We want to see how sorting strings by collation affects the work done as more rows are sorted.
Analyze the time complexity of the following SQL query.
SELECT name
FROM users
ORDER BY name COLLATE "en_US";
This query sorts the 'name' column of the 'users' table using the English (US) collation rules.
Sorting involves comparing pairs of strings many times.
- Primary operation: Comparing two strings according to collation rules.
- How many times: Multiple comparisons happen, roughly proportional to the number of rows times the log of the number of rows.
As the number of rows grows, the number of comparisons grows faster than the number of rows but slower than the square of rows.
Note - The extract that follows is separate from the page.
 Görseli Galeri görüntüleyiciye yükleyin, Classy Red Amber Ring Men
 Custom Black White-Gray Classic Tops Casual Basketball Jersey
| Input Size (n) | Approx. Comparisons |
|---|---|
| 10 | About 30 to 40 comparisons |
| 100 | About 600 to 700 comparisons |
| 1000 | About 10,000 to 12,000 comparisons |
Pattern observation: The comparisons grow a bit faster than the number of rows, roughly like rows times log rows.
Time Complexity: O(n log n)
This means sorting strings takes more time as the list grows, but not as much as checking every pair; it grows in a balanced way.
[X] Wrong: "Sorting strings is just as fast as scanning them once."
[OK] Correct: Sorting needs many comparisons between strings, which takes more time than just reading them once.
Knowing how sorting time grows helps you explain query performance clearly and shows you understand how databases handle text data efficiently.
"What if we sorted by a numeric column instead of a string column? How would the time complexity change?"